» Supplied material
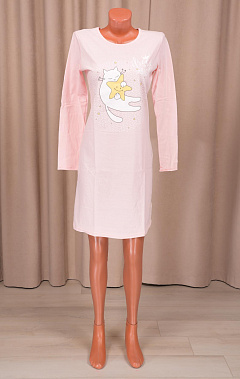 Сорочка с длинным рукавом, принт (0788, розовый)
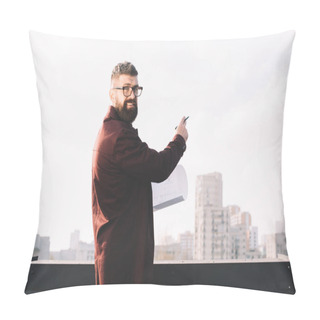 Personality  Smiling Adult Male Architect In Glasses Holding Blueprint On Rooftop Pillow Covers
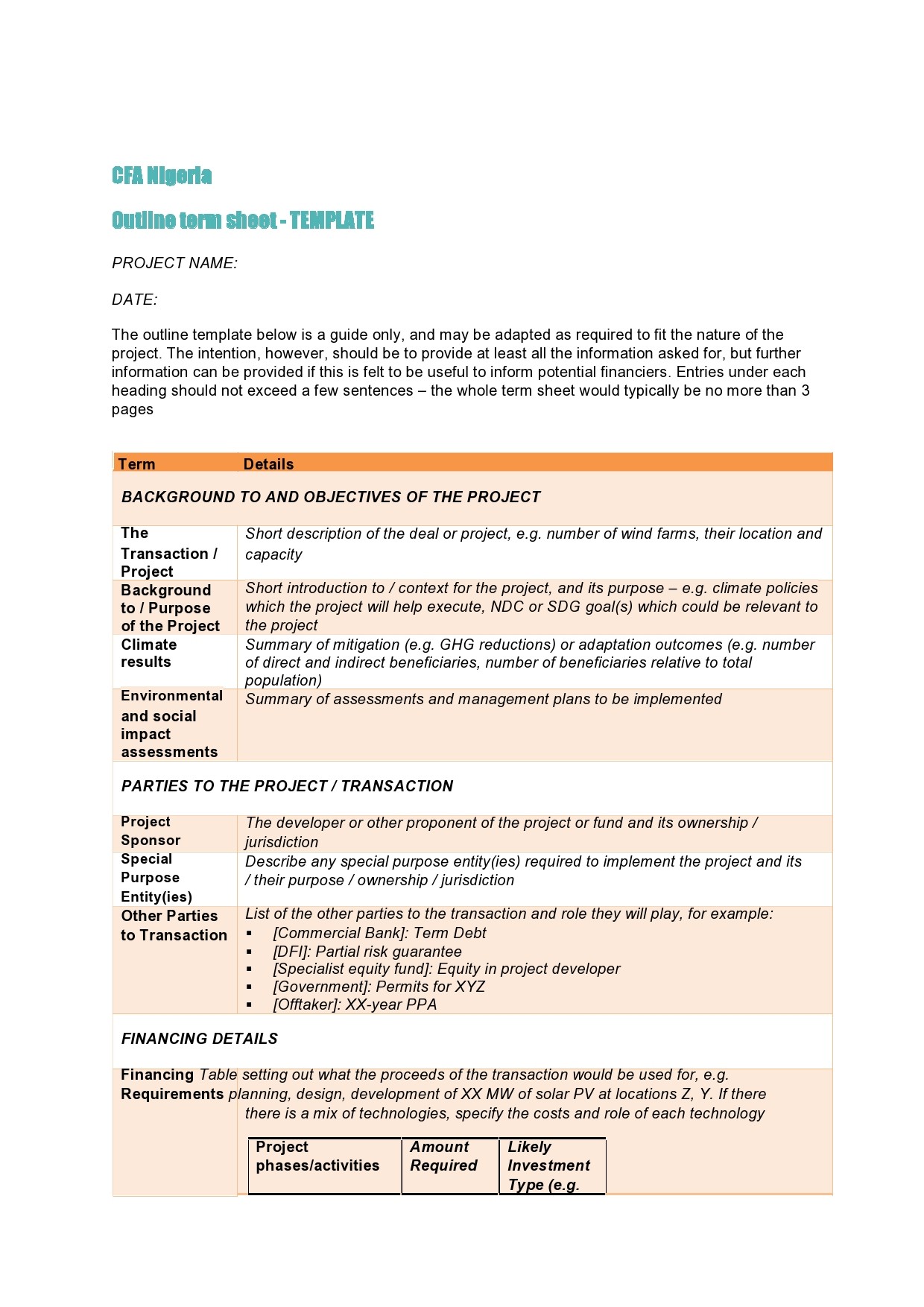 Detail Deal Sheet Template Nomer 2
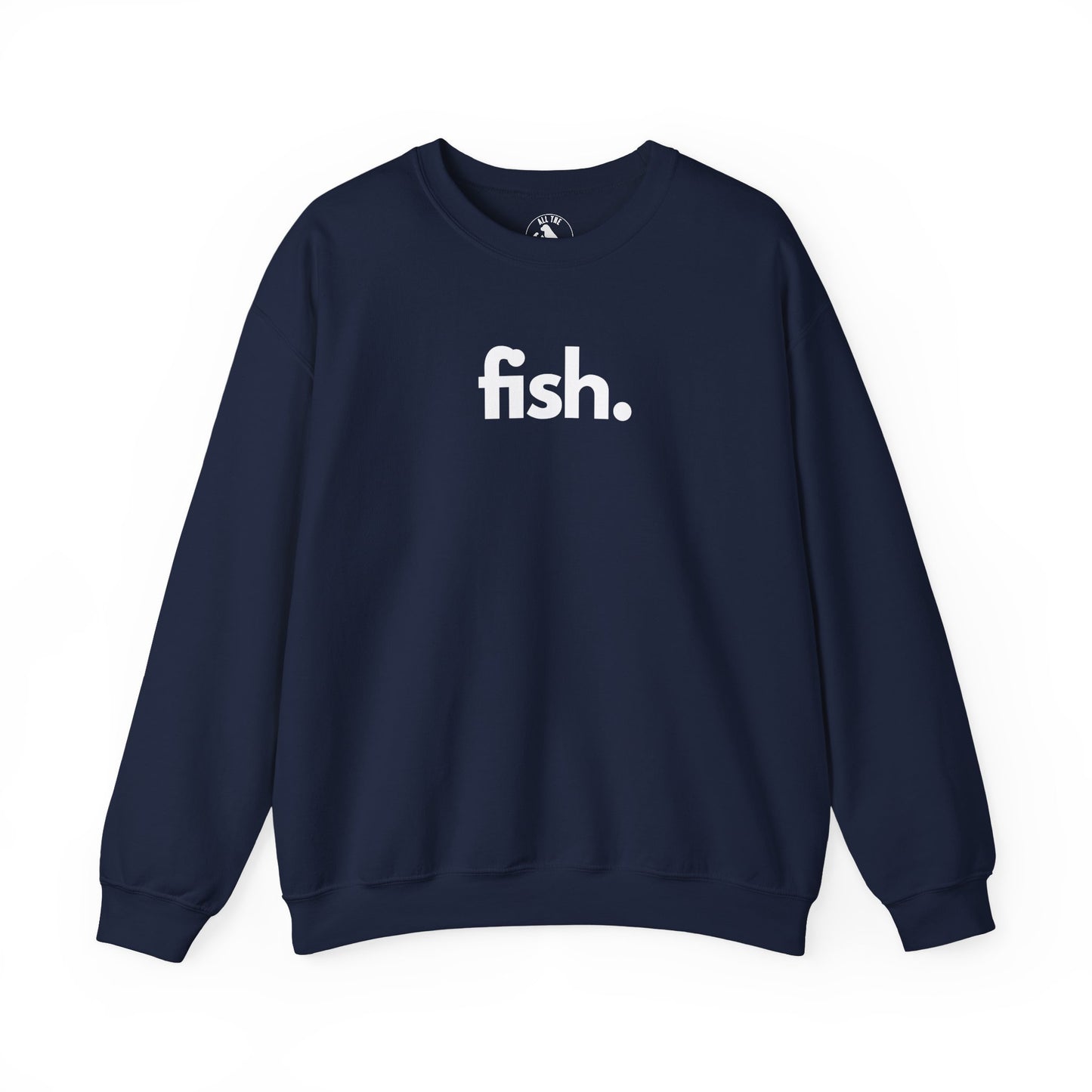 Navy blue sweatshirt with 'fish.' text on a white background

» Your objective
What is wanted is the listing, written out exactly, with each picture removed.

» Result of the exercise
 Сорочка с длинным рукавом, принт (0788, розовый)
 Personality  Smiling Adult Male Architect In Glasses Holding Blueprint On Rooftop Pillow Covers
 Detail Deal Sheet Template Nomer 2
 Navy blue sweatshirt with 'fish.' text on a white background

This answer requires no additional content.